Christina of Saxony (25 December 1461 – 8 December 1521) was Queen of Denmark, Norway and Sweden as the wife of King John.

==Life==

===Early life===

Christina was engaged to John, King of Denmark, Norway and Sweden, in 1477. The year after, she traveled from Saxony to Warnemunde, where she was met by a Danish retinue who brought her Copenhagen Castle, where she was married to John on 6 September 1478. The wedding is described as magnificent, with possessions of a knights and the bride, dressed in gold embroidered red, travelling in a carriage of gold.

In 1481, she became queen of Denmark. She was however not crowned until 1483, when John had become king of Norway also. On 18 May 1483, she and John were crowned king and queen of Denmark in the Frue Kirke in Copenhagen.

During the first twenty years of her marriage, there is not much information about Christina, and she seems to have lived a life devoted to her family. She was the mother of Christian II, Franciscus, Knud and Elizabeth, who later married Joachim I Nestor, Elector of Brandenburg, and (probably) also of Jacob the Dacian.
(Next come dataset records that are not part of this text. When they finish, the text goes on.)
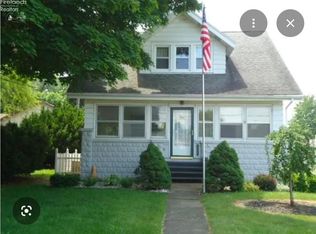 607 W Main St, Bellevue, OH 44811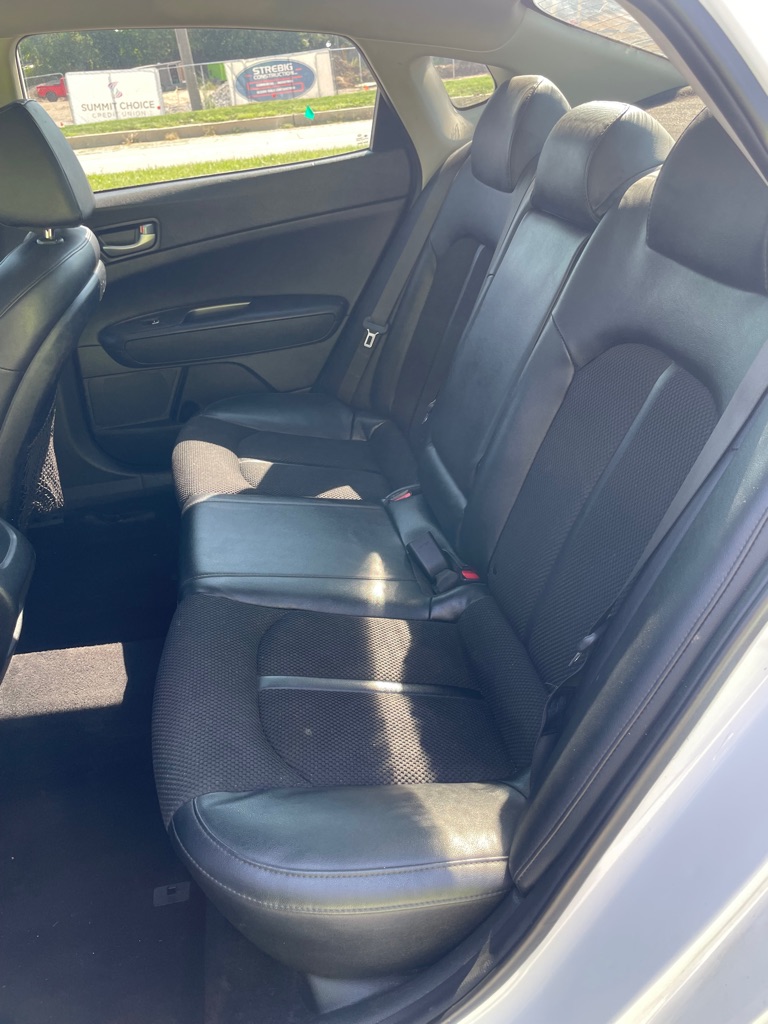 Photo 10 of this KIA OPTIMA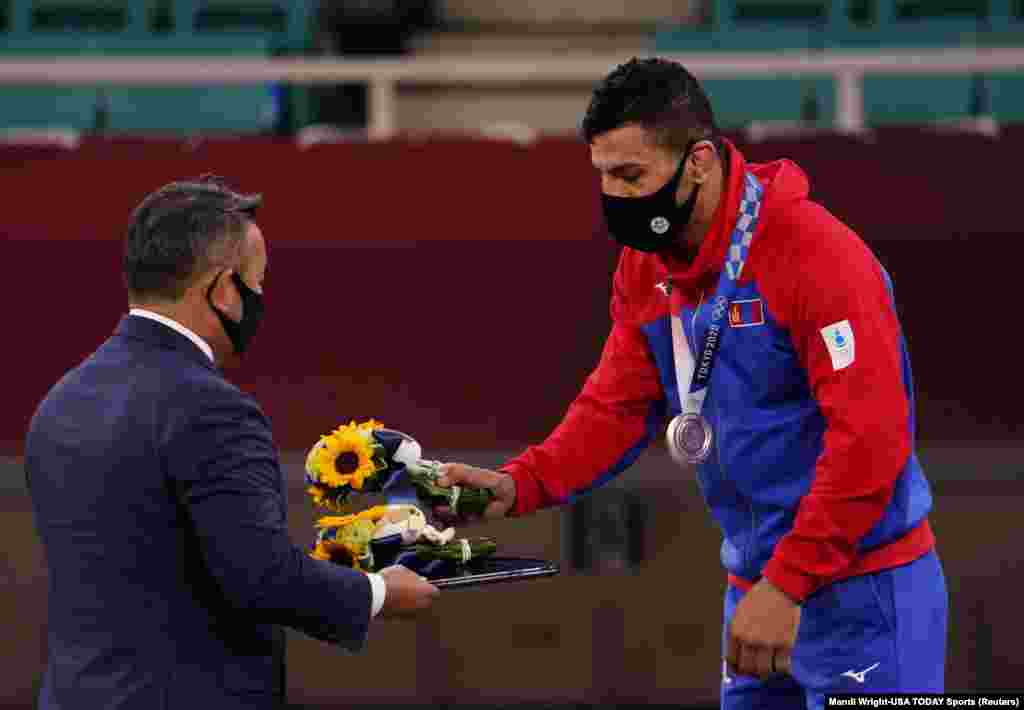 В феврале 2021 года в Израиле он встретился на татами с Муки, который назвал его своим &laquo;братом&raquo;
The royal couple did not live much in Copenhagen, but preferred to travel between the royal castles in Funen, as Nykobing Castle was reportedly the favorite residence of Christina. There is nothing to indicate that she ever involved herself in politics during her life in Denmark as its queen.
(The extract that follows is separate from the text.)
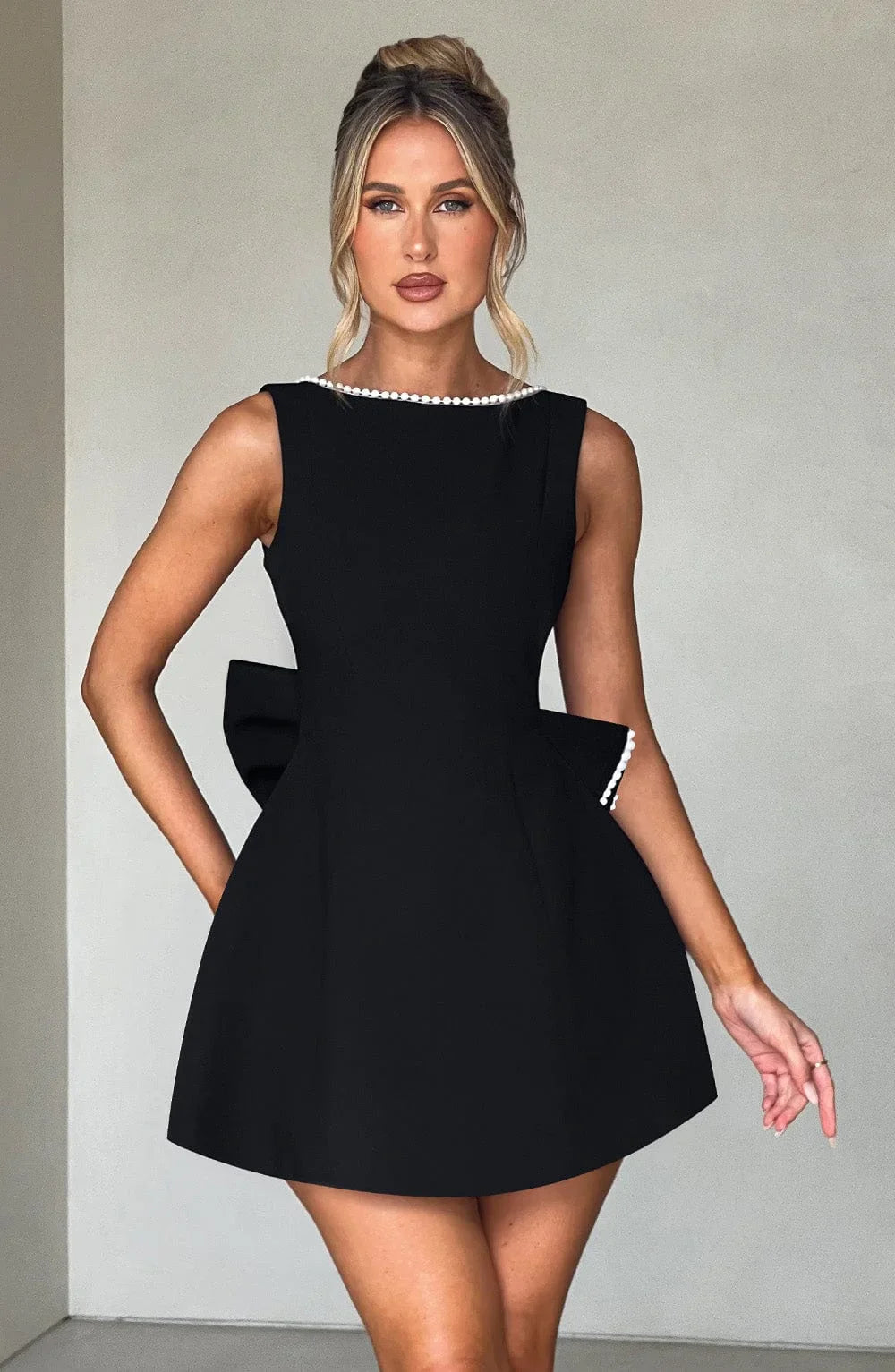 Damska Sukienka Mini z Dekoracyjną Kokardą na Plecach i Elegancką Linią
Christina is described as pious, and was said to weep every time she was unable to attend mass. In 1497, she and John founded the St. Clare's Monastery, Copenhagen.

===Sweden===

In 1497, John was elected king of Sweden. Two years later, Christina followed him to Sweden, and on 4 February 1499, they were crowned king and queen of Sweden in Uppsala. She accompanied John on his second visit to Sweden in 1500, and his third in January 1501. During the 1501 visit, John entered into his love affair with one of her ladies-in-waiting, Edel Jernskjæg, which attracted a scandal and caused a de facto termination of her marriage.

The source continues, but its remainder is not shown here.